Um estudo open-label da Argentina encontrou benefício na redução de tonturas em 10 pacientes tratados com otopiramato para vertigens enxaquecas.61 Um estudo recente duplo-cego usando topiramato em 14 crianças de 18 anos de idade com enxaqueca tipo basilar encontrou uma redução de 74% (grupo de dose de 25 mg) e 83% (grupo de dose de 100 mg) em tonturas, vertigens e ataxia.

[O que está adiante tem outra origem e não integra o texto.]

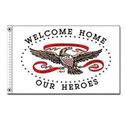 Welcome Home Our Heroes Flag, DFLAG439200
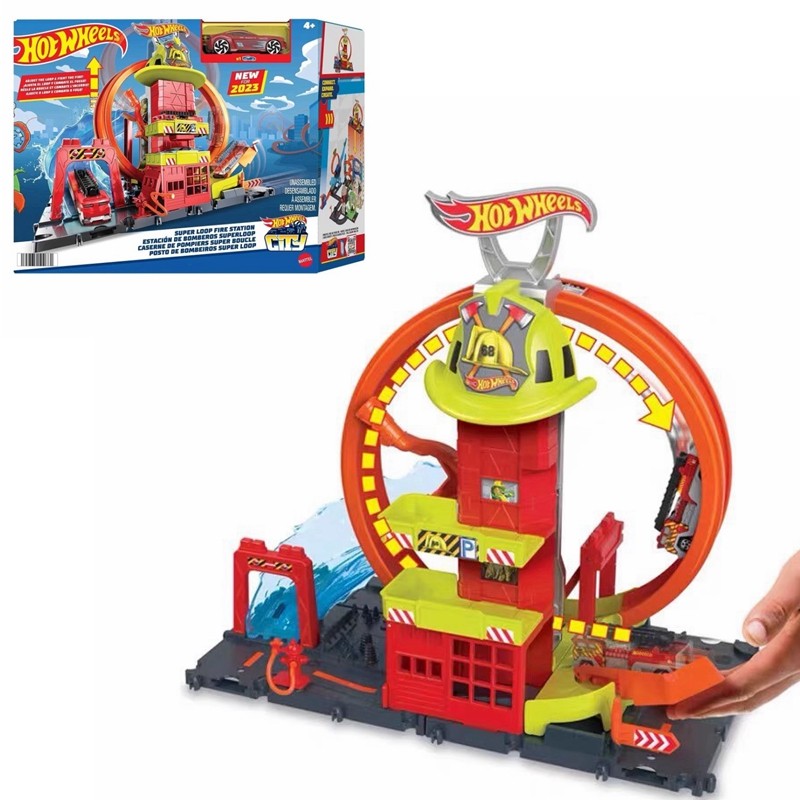 Hot Wheels HKX41 City Super Lo - Hot Wheels Car Track Sets ulasan dan harga
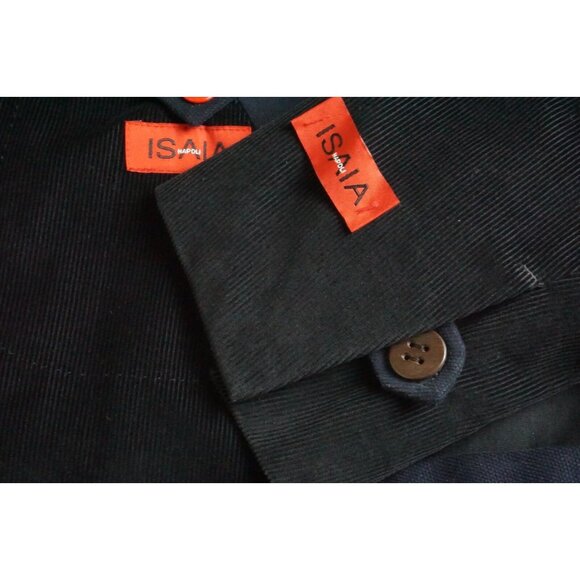 Isaia Napoli Midnight Blue Corduroy Light Sport Coat Jacket 39S Brand New W Tags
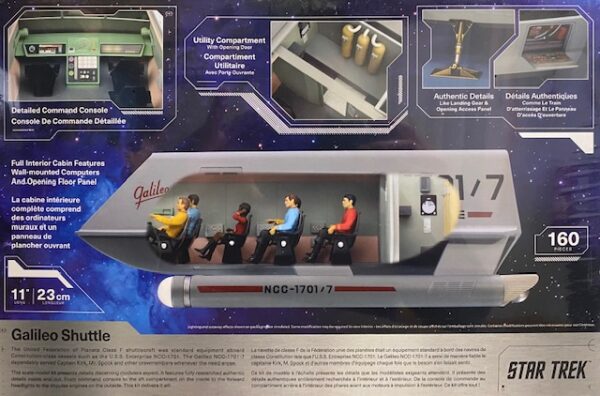 "Star Trek " Galileo Shuttle w/ Full Interior w/Crew Figures - Image 2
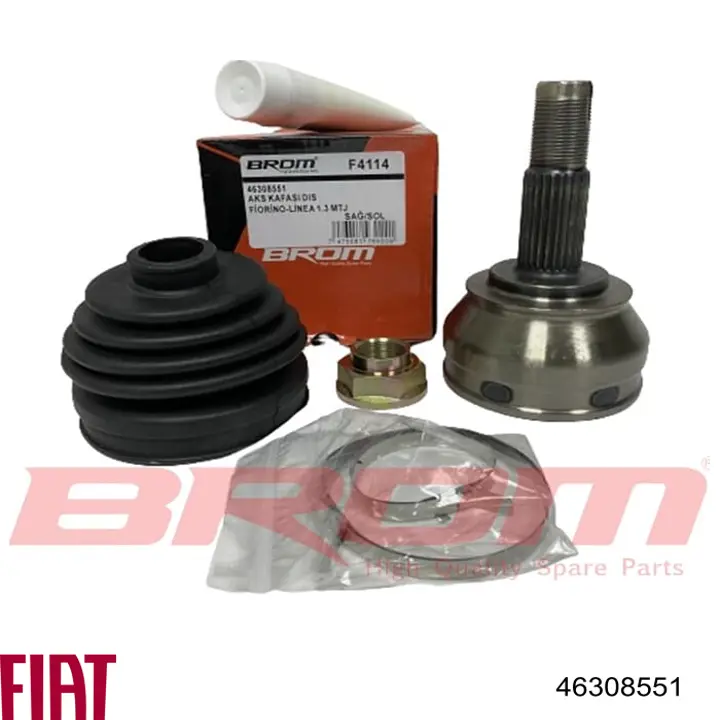 Przegub homokinetyczny przedni zewnętrzny Fiat/Alfa/Lancia 46308551 cena, od 45,58 USD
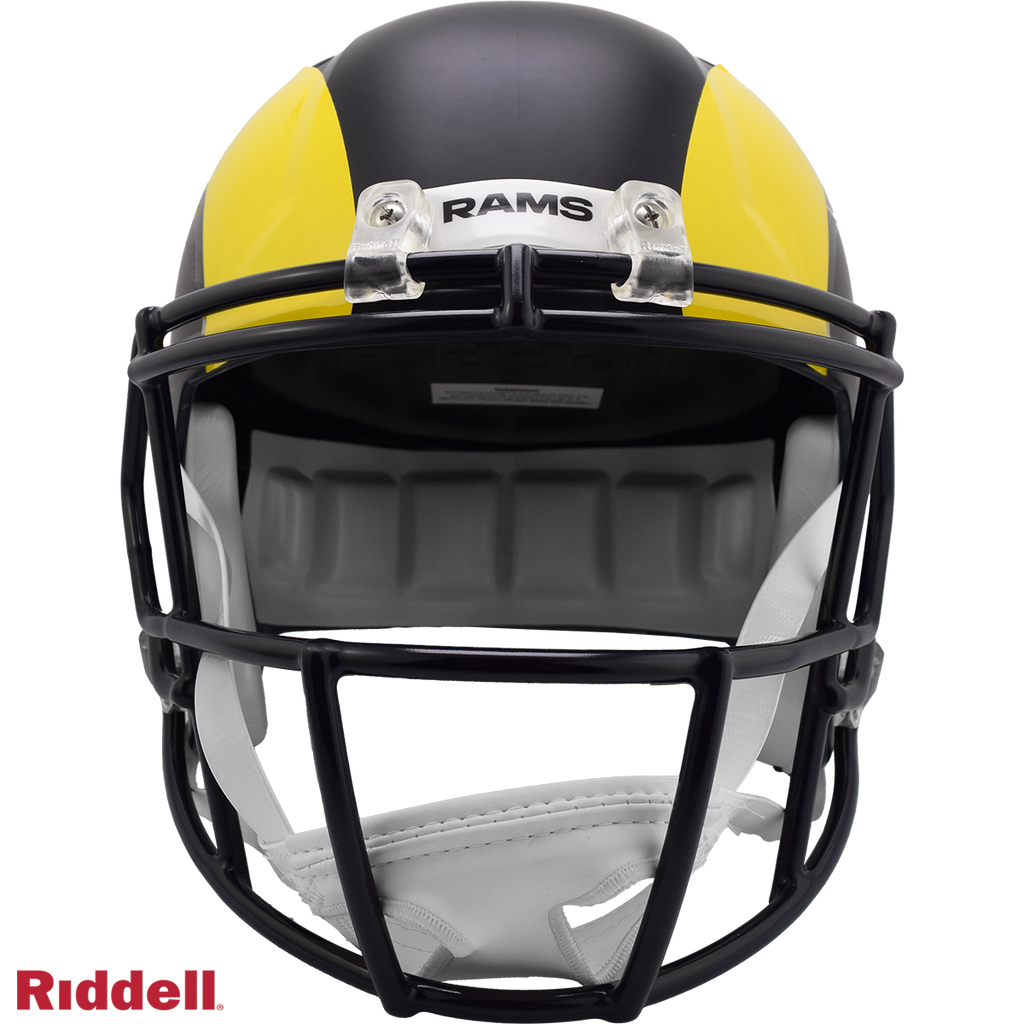 Los Angeles Rams Helmet Riddell Replica Full Size Speed Style Rivalry Alternate 2025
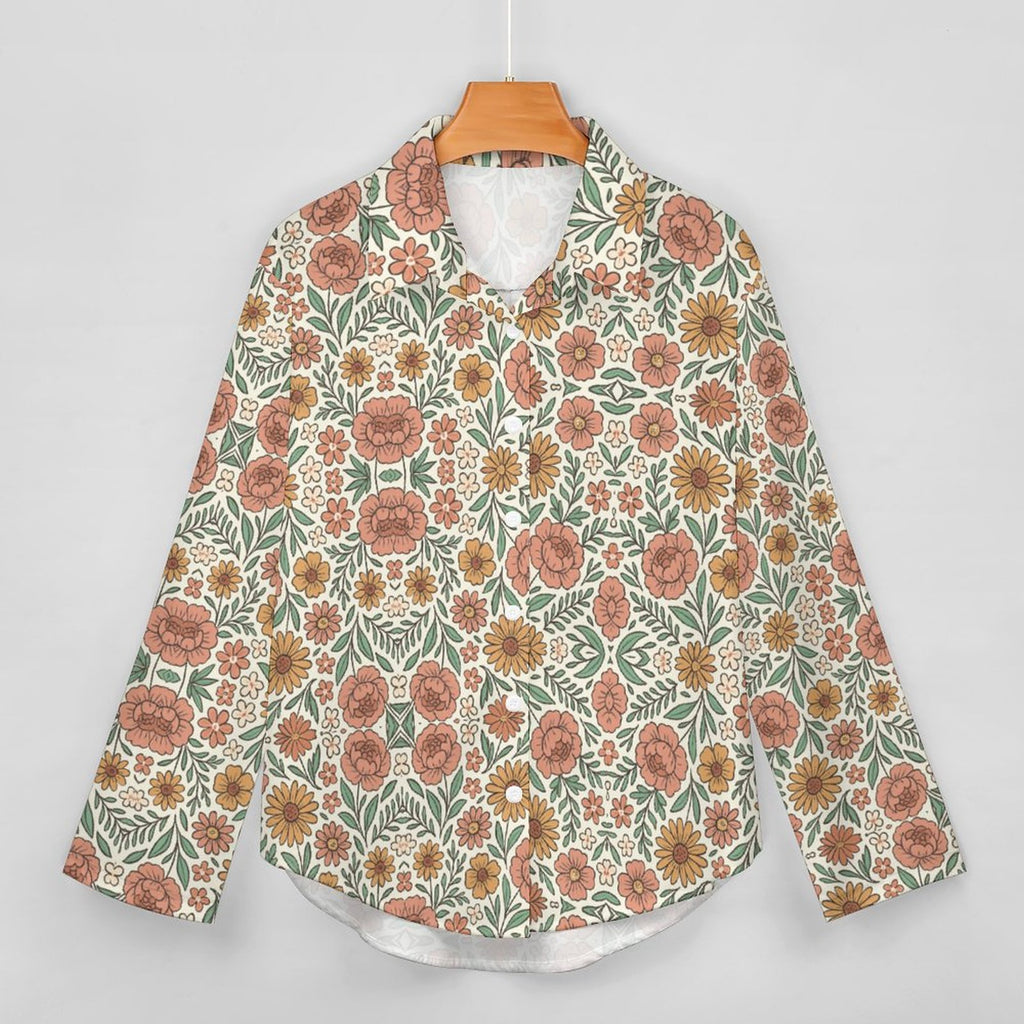 Asymmetrical Hem Shirt B648(All-Over Printing)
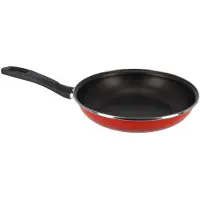 Magefesa Aluminium koekenpan/hapjespan Merida rood met anti-aanbak laag 30 cm - Koekenpannen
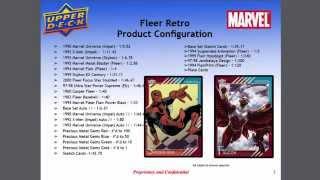 Marvel Fleer Retro Trading Cards by Upper Deck 2015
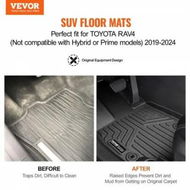 Detailed information about the product Automotive Floor Mats Fits Toyota RAV4 (Not for Hybrid or Prime) 2019-2024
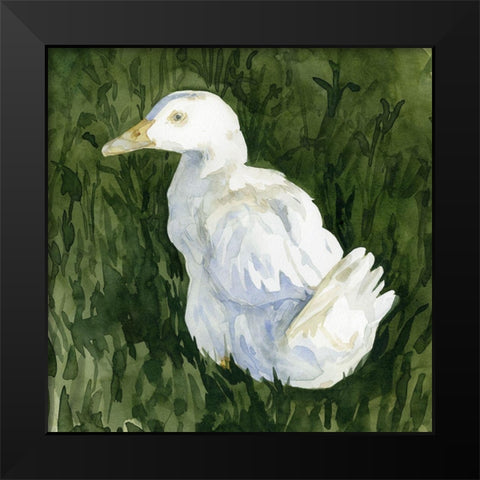 Lone Duck II Black Modern Wood Framed Art Print by Caroline, Emma
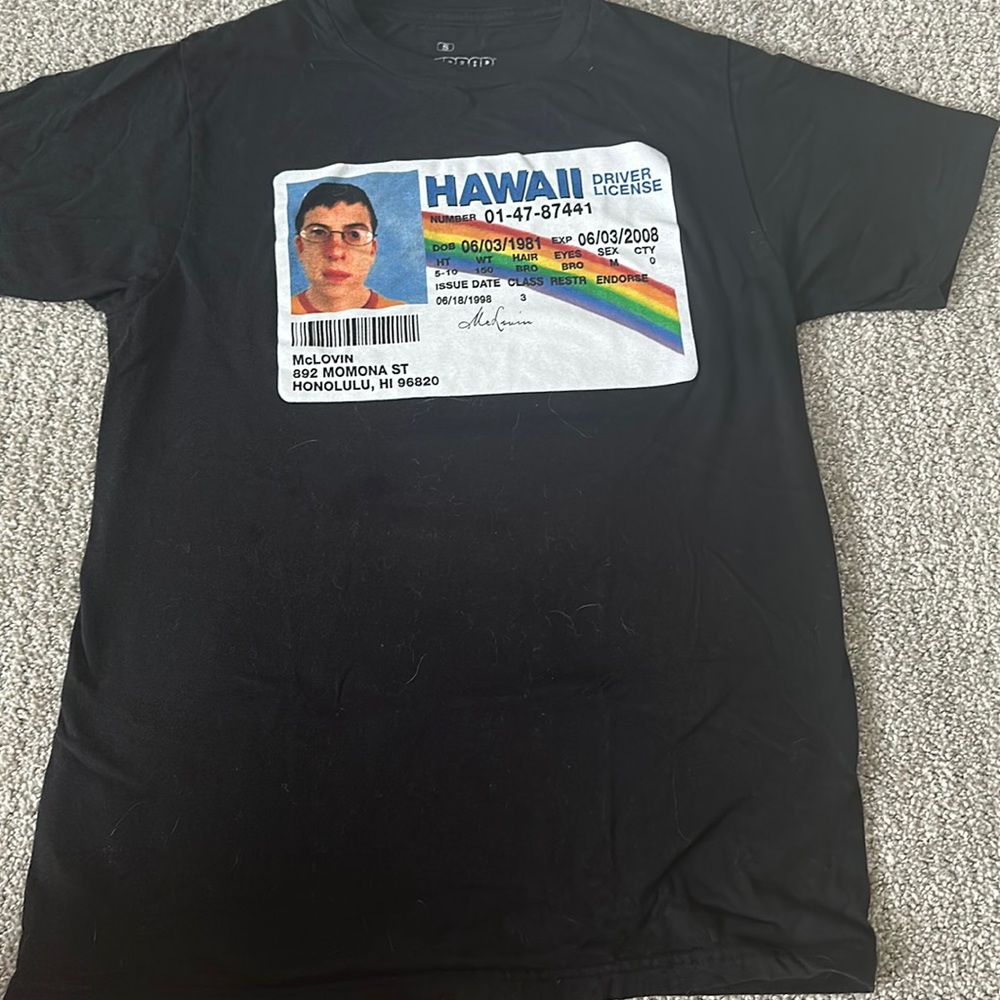 superbad tee size small (unisex)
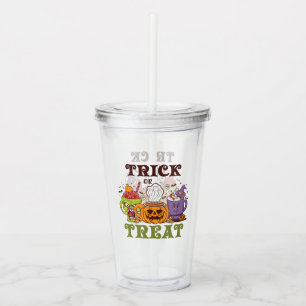 Vaso Acrílico Truco O Trato De Café Delight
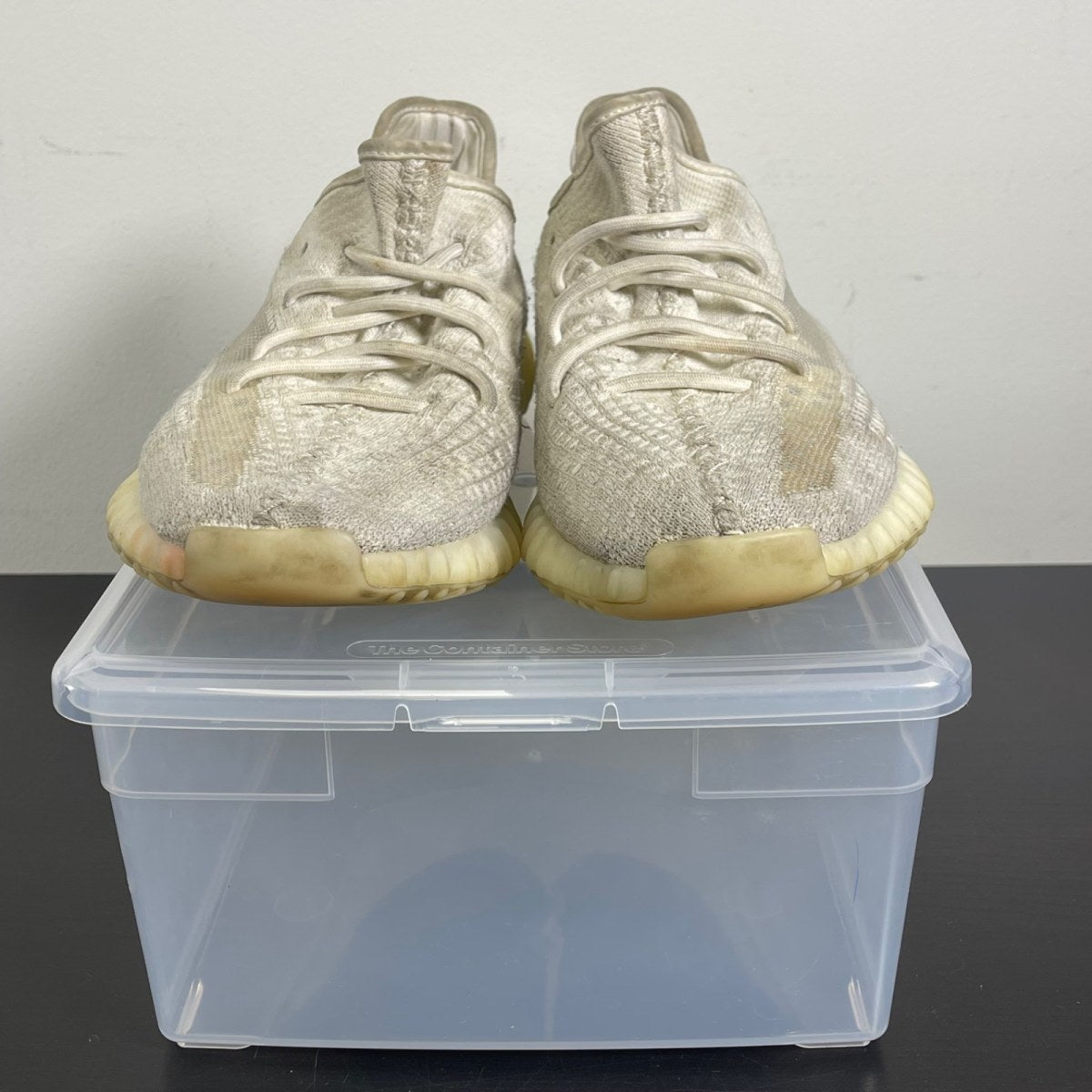 adidas Yeezy Boost 350 V2 Bone 11 (Moderately Worn Pre-Owned)adidasBone/Bone/Bone - Image 2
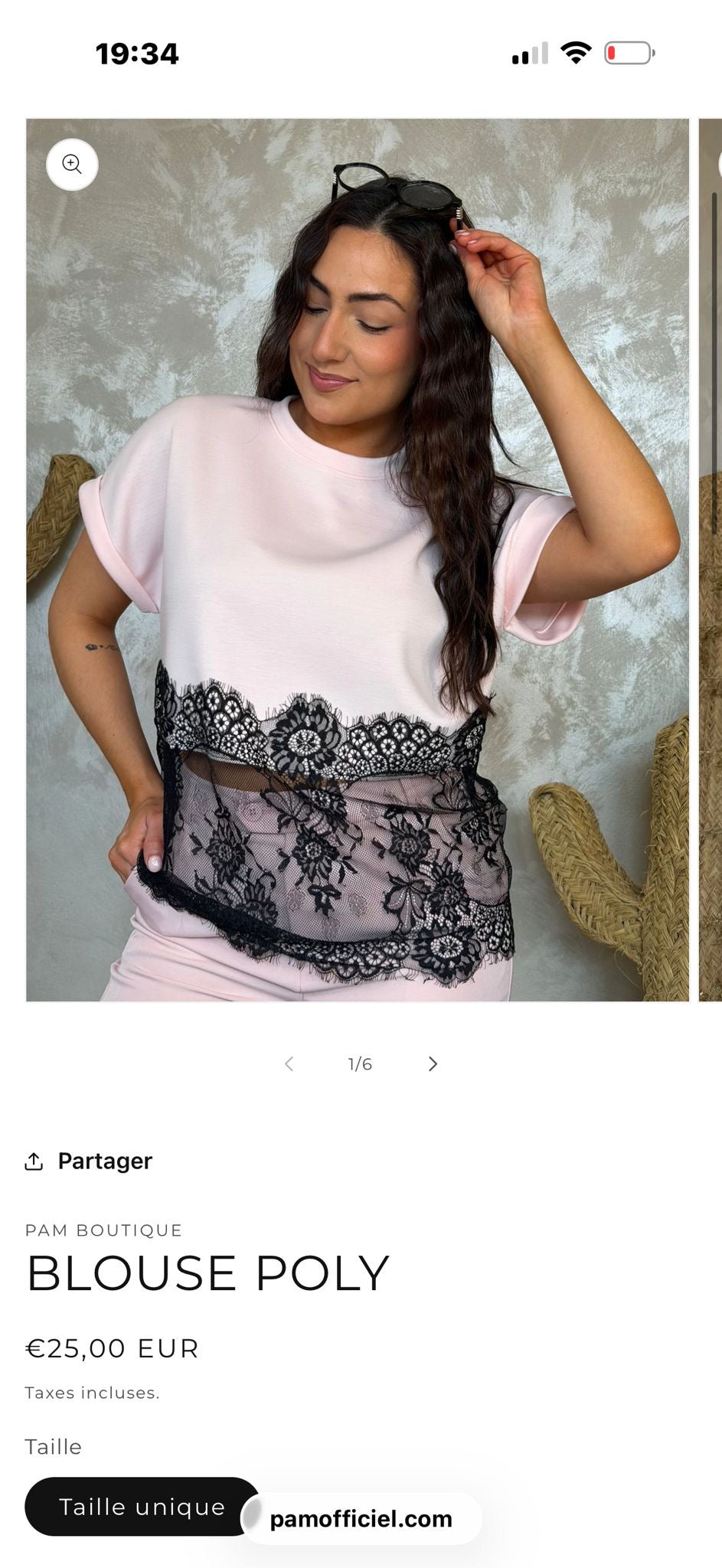 BLOUSE POLY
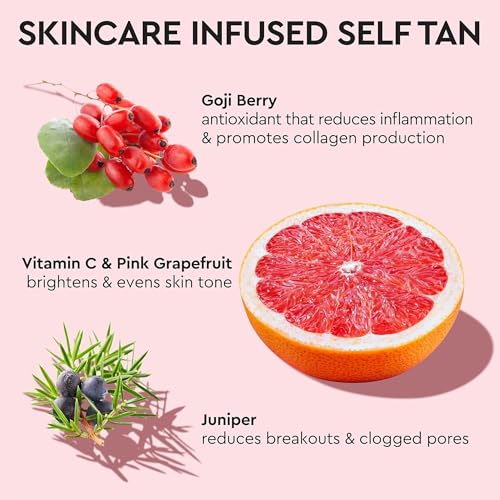 Tanologist Sunless Self-Tan Set ??Medium Tanning Mousse with ¡°No Fake Tan Smell¡± or Orange Tone + Double-Sided, Water-Resistant Self-Tanning Mitt for Streak-Free Application
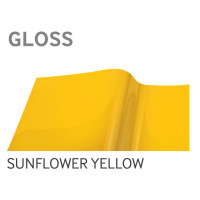 EZ-Color Sunflower Yellow Gloss 122cm x 45,7m -TILAUSTUOTE-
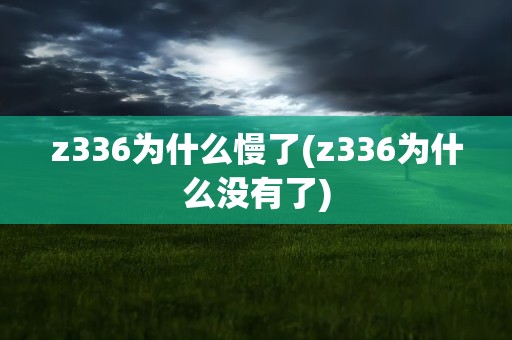 z336为什么慢了(z336为什么没有了)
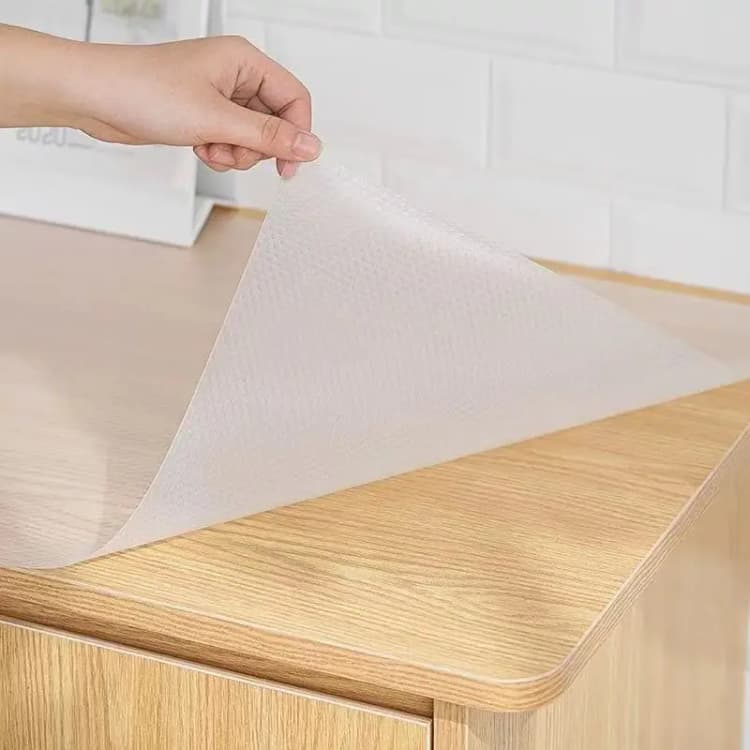 COWINLIFE OEM Factory Wholesale Custom Eco-Friendly EVA Mat Waterproof Refrigerator Liner Kitchen Shelf Liner for Cabinets Fridge Mat detail 2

A freqüência da dor de cabeça também foi significativamente reduzida em ambos os grupos de dose.62
Pacientes selecionados podem se beneficiar da fisioterapia vestibularreabilitante.65 No entanto, a maioria dos pacientes com MAV desenvolve náuseas e aumento da tontura que não melhoram satisfatoriamente ao longo do tempo, levando-os a desistir ou pedir para interromper a terapia.65 A fisioterapia vestibular é de grande ajuda para aqueles que apresentam dificuldade de locomoção desproporcional aos seus exames.
Em resumo, há muito poucos dados científicos que levem os clínicos a se dedicar ao tratamento da MAV. Os medicamentos para a enxaqueca são igualmente eficazes para as enxaquecas, mesmo quando a dor de cabeça não é proeminente. n
br>Edited by Steven Mandel, MD
Terry D. Fife, MD, FAAN, FANS é Professor Associado de Neurologia Clínica, Faculdade de Medicina da Universidade do Arizona e Director, Centro de Equilíbrio do Arizona, BarrowNeurological Institute.